In a sense, it's bringing an opportunity and a challenge. It's good in the sense that revenue growth looks assured, but it's also bringing about margin pressures for two key reasons:

  • B2C deliveries tend to be lighter-weight and lower-yielding.

  • Increasing B2C demand in the holiday season tends to create higher peak demand, and UPS and FedEx have both had to increase investment in order to deal with it. 

In the case of UPS, the margin pressure is showing up in its U.S. Domestic Package operations (64% of segmental income). The following chart shows how domestic package revenue growth has improved in the last two years (green line) and how operating margin has declined at the same time.

Source: UPS Presentations, author's analysis. 100 basis points = 1%

Going forward, UPS is planning two things in order to try to increase margin and take advantage of rising demand.

First, UPS followed FedEx in announcing plans to increase prices by 4.9% in North America. The new prices will go into effect on Dec. 29 for UPS and Jan. 1 for FedEx.

Second, both companies are shifting to dimensional weight pricing for all their Ground packages. In other words, all packages will now be priced on a combination of weight and size, rather than just weight. The benefits should be that retailers will be incentivized to reduce unnecessary package volumes, therefore allowing UPS and FedEx to increase yields per volume.

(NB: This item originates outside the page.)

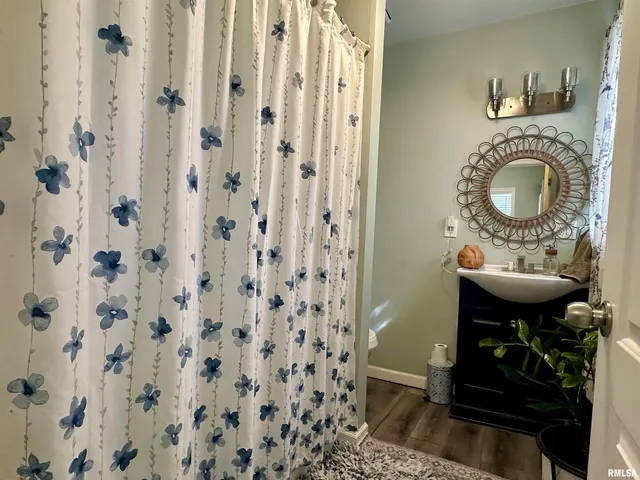 a bathroom with a sink a toilet and a shower curtain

The good news is that both companies are making similar changes, so it's unlikely that one will run the risk of losing significant business to the other -- good news for both companies.

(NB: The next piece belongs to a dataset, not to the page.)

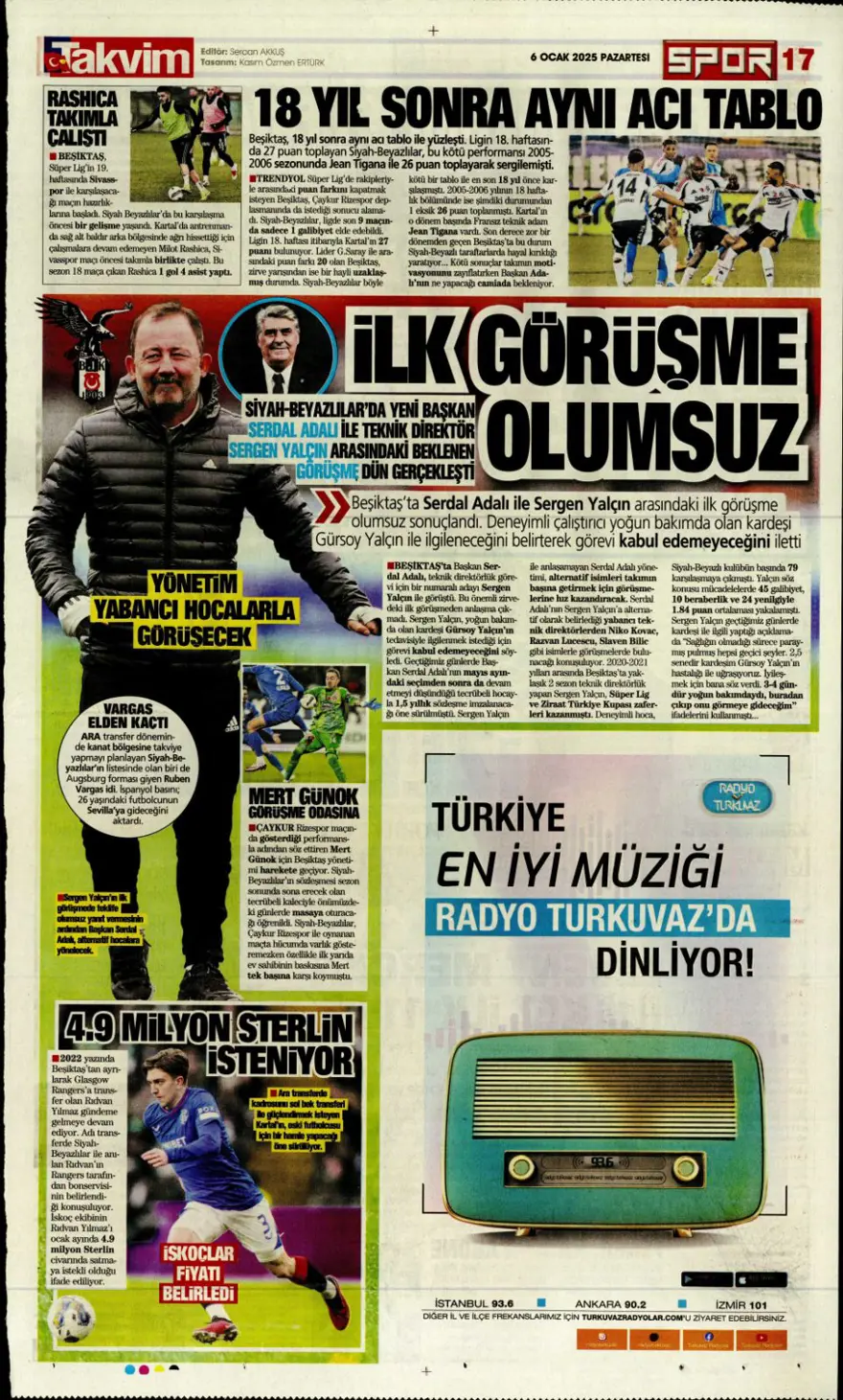 "Hızlı tren Nesyri" (6 Ocak 2025 spor manşetleri) 27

B2B growing in North America too
While most of investors' attention was focused on B2C deliveries in the most recent results, business-to-business, or B2B, shipments are quietly growing in line with an improving U.S. economy. CFO Kurt Kuehn said on the recent earnings call:
"We were about 45% B2C in the U.S. in the third quarter. Certainly, that number is continuing to grow, although we're seeing, as we've mentioned, good strong robust growth in B2B as the industrial base of the U.S. picks up."

If the U.S. economy is really headed for an industrial renaissance, then UPS and FedEx will surely be beneficiaries. Readers might note that UPS management is going to update investors on its outlook for B2C and B2B growth in the upcoming investor conference on Nov. 13. 

World trade growth
UPS and FedEx are both likely to see the benefit of an increase in world trade. The following chart shows projections from the World Trade Organization, or WTO, that indicate an acceleration of growth in the next two years. Don't get too excited by the high growth rates in 2010-2011; this sort of thing happens when the economy recovers from the low point of a severe recession.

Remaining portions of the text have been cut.